Dual pairs of generic conformally flat hypersurfaces

Abstract

We study generic conformally flat (local-)hypersurfaces in the Euclidean 4-space $\mathbb{R}^4$. Such a hypersurface $f$ has the dual (hypersurface) $f^*$ in $\mathbb{R}^4$, which is also generic and conformally flat. By repeating the composite action of inversion and the dual transformation on a hypersurface $f$, infinitely many non-equivalent generic conformally flat hypersurfaces are obtained from a single $f$. The dual $f^*$ is defined by the total differential of the embedding expressed in terms of the original $f$. However, the exact formula in $\mathbb{R}^4$ of $f^*$ is not obvious, because of difficulty of integrating the total differential.
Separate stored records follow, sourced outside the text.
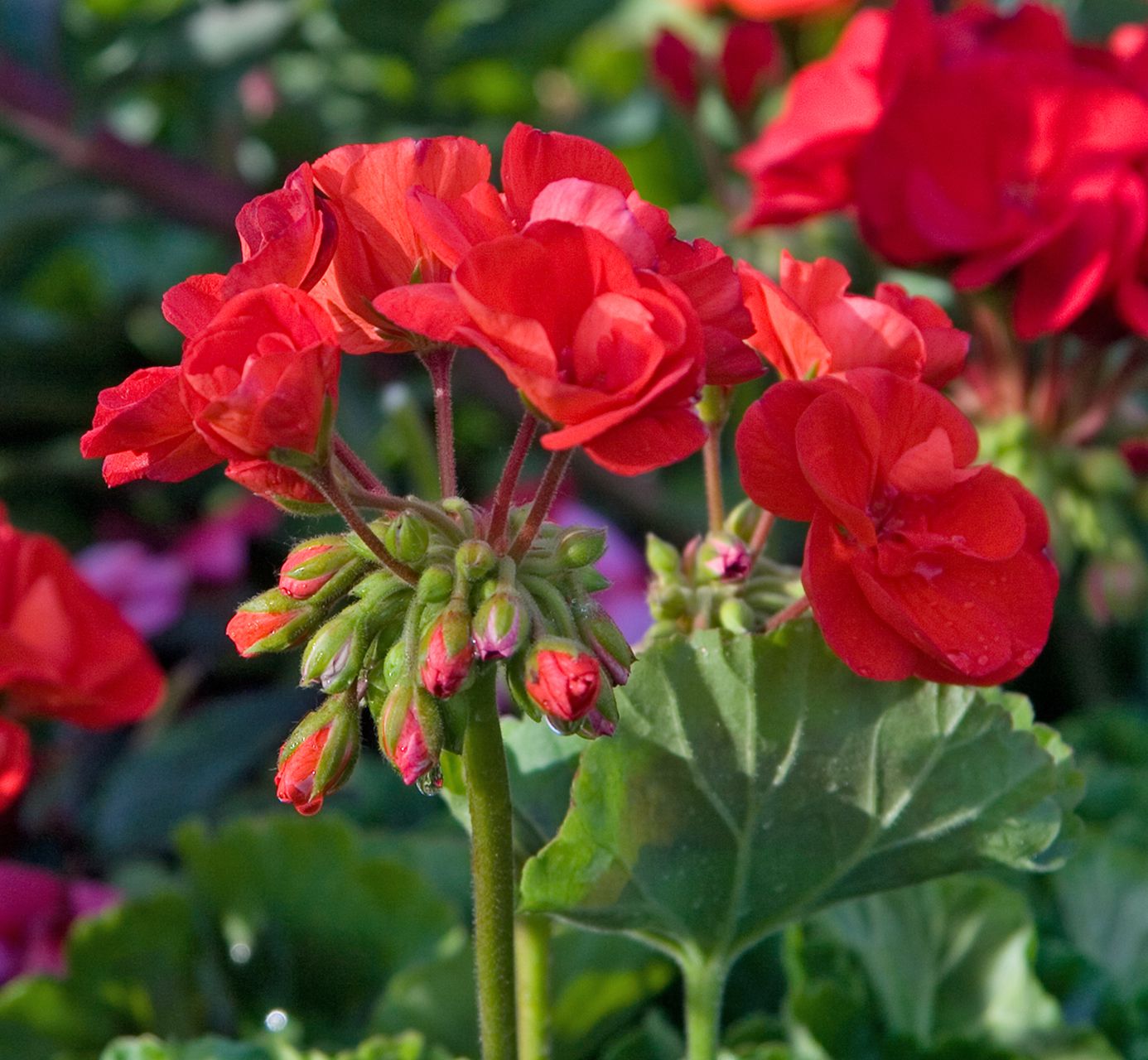 Non-gmo geranium samen for home gardening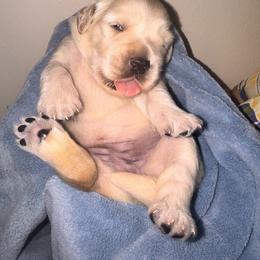 Golden Retriever Puppies from Goldilocks Golden Retrievers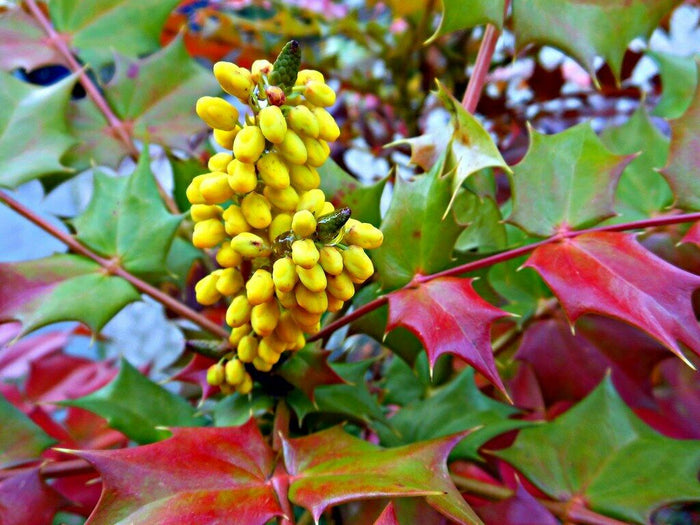 Oregon Grape Mahonia aquifolium 20 Seeds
Therefore, for the study of generic conformally flat hypersurfaces it is important to clarify in some way an explicit correspondence between the dual pair in $\mathbb{R}^4$. The aim of this paper is to clarify that correspondence between the dual pair $f$ and $f^*$, which we do by making approximate discrete hypersurfaces of $f^*$ for all positive integers $n$ as maps from $3$-dimensional nets in $f$ to $\mathbb{R}^4$. The approximations are constructed from the dual invariants of a generic conformally flat hypersurface $f$, of which dual invariants are defined as the maps from $f$ to $\mathbb{R}^4$, and as $n$ tends to $\infty$, the approximations induce maps between the corresponding curvature surfaces of $f$ and $f^*$.